(Records excerpted from a collection)
#####

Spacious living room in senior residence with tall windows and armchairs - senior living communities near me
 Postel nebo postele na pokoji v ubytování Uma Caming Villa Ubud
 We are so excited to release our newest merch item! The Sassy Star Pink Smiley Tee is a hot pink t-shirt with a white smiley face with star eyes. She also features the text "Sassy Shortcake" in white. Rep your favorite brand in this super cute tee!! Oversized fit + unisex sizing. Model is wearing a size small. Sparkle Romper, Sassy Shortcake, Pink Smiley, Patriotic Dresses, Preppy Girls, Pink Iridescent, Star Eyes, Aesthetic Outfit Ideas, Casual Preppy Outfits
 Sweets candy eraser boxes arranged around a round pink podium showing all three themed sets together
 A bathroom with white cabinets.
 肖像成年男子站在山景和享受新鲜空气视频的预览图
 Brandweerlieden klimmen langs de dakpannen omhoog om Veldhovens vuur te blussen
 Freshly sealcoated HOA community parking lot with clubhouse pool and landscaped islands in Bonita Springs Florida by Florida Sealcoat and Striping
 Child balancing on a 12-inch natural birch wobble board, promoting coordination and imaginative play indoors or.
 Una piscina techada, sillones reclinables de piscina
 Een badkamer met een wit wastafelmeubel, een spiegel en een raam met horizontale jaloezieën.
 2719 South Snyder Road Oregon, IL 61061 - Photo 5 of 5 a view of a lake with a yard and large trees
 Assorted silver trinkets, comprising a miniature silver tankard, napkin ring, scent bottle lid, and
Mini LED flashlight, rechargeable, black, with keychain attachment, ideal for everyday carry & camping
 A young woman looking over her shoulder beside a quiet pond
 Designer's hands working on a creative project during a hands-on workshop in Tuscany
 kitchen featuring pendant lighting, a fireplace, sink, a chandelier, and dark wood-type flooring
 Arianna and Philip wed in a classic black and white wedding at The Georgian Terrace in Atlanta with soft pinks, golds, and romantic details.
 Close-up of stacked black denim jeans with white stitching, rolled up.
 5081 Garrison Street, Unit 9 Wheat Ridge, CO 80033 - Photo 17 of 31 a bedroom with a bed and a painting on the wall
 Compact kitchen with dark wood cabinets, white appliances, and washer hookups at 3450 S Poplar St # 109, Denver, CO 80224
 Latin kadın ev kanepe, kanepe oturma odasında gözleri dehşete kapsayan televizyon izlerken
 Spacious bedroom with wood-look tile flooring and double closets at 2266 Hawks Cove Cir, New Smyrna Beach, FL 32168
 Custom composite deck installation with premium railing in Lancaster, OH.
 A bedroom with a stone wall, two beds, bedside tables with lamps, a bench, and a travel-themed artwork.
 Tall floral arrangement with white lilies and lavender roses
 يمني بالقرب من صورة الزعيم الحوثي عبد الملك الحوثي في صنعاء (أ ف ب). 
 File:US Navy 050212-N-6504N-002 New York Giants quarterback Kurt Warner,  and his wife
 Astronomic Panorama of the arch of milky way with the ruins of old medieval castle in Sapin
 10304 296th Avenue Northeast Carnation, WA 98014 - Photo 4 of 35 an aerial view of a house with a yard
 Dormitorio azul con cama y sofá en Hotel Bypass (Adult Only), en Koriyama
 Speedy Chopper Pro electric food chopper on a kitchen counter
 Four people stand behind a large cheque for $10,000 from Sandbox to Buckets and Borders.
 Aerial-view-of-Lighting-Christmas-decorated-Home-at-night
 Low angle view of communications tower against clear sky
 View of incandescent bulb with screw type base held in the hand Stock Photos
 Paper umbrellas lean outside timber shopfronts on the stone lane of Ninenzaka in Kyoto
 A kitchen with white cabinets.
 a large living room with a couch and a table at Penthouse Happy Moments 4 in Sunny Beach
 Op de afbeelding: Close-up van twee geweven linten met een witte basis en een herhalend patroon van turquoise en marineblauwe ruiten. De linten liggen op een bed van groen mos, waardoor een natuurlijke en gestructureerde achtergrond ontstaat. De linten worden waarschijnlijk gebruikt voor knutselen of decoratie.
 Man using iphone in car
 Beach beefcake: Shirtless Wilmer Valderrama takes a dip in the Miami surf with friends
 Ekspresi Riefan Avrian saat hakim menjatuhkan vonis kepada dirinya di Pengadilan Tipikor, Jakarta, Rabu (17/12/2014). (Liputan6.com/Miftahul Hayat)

#####

» **Exercise prompt**
Please transcribe the data exactly from its first line. End with the line that contains "2719 South Snyder".

» **Answer below**
Spacious living room in senior residence with tall windows and armchairs - senior living communities near me
 Postel nebo postele na pokoji v ubytování Uma Caming Villa Ubud
 We are so excited to release our newest merch item! The Sassy Star Pink Smiley Tee is a hot pink t-shirt with a white smiley face with star eyes. She also features the text "Sassy Shortcake" in white. Rep your favorite brand in this super cute tee!! Oversized fit + unisex sizing. Model is wearing a size small. Sparkle Romper, Sassy Shortcake, Pink Smiley, Patriotic Dresses, Preppy Girls, Pink Iridescent, Star Eyes, Aesthetic Outfit Ideas, Casual Preppy Outfits
 Sweets candy eraser boxes arranged around a round pink podium showing all three themed sets together
 A bathroom with white cabinets.
 肖像成年男子站在山景和享受新鲜空气视频的预览图
 Brandweerlieden klimmen langs de dakpannen omhoog om Veldhovens vuur te blussen
 Freshly sealcoated HOA community parking lot with clubhouse pool and landscaped islands in Bonita Springs Florida by Florida Sealcoat and Striping
 Child balancing on a 12-inch natural birch wobble board, promoting coordination and imaginative play indoors or.
 Una piscina techada, sillones reclinables de piscina
 Een badkamer met een wit wastafelmeubel, een spiegel en een raam met horizontale jaloezieën.
 2719 South Snyder Road Oregon, IL 61061 - Photo 5 of 5 a view of a lake with a yard and large trees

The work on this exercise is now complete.